A biochemical and biophysical analysis of a ubiquitous protein translocation apparatus

普遍存在的蛋白质易位装置的生化和生物物理分析

• 批准号: BB/F002343/1
• 负责人: Ian Collinson
• 金额: $ 42.25万
• 依托单位: University of Bristol
• 依托单位国家: 英国
• 项目类别: Research Grant
• 财政年份: 2008
• 资助国家: 英国
• 起止时间: 2008 至 无数据
• 项目状态: 已结题
• 来源: https://gtr.ukri.org/projects?ref=BB%2FF002343%2F1
• 关键词: biochemical; biophysical; analysis; ubiquitous; protein

An ancient and essential development for life on Earth has been the evolution of a thin film of lipids that surround and form each cell. These membranes provide a barrier to water and hydrophilic solutes. They serve to isolate biological reactions from the outside, and offer the potential to separate charge and to communicate & aggregate with one another to form complex structures. More complicated cells also contain internal membrane structures that provide a further division for chemical reactions and generation of electric potentials. These events facilitated the ability to harness energy and to develop and maintain the complex structures and biochemistry of the cell. The necessary exchange of materials across lipid membranes between the outside and different compartments gives rise to a transport problem for small and large molecules alike. Proteins are large polymers of amino acids made according to the genetic code of each respective gene in the cell cytosol. In order to perform their specific roles many of them need to be delivered to alternative locations. This requires that they pass either across or into a specific membrane.
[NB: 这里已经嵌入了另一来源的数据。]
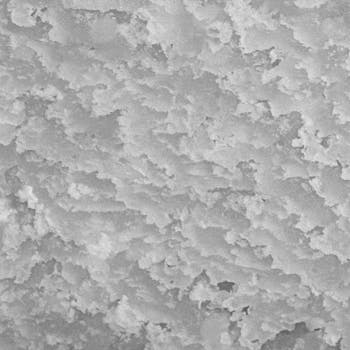 Detailed close-up image of a rough and textured white surface pattern.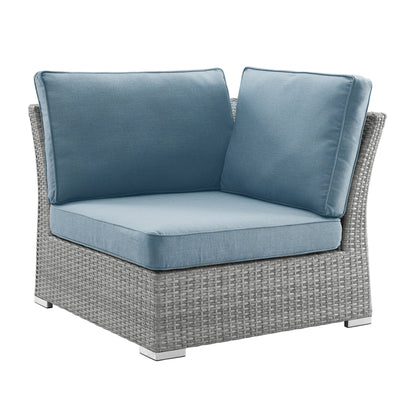 Set da conversazione per patio in vimini e alluminio Corvus da 8 pezzi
This proposal aims to learn more about this important process using the bacterial cell membrane as a model system. The apparatus responsible for protein movement across membranes has been purified. Once prepared, various parts will then be labelled with chemical reagents that are able to report on their environment by the way that they interact with light. These probes will characterise the movements that the components make as they transport proteins across the membrane, which will aid our understanding of this reaction. New findings in this area will have implications in the understanding of protein secretion, cell biogenesis and development. Moreover, they will also help us understand other molecular machines and more general processes such as membrane transport. This information might be also exploited toward the development novel antibiotics.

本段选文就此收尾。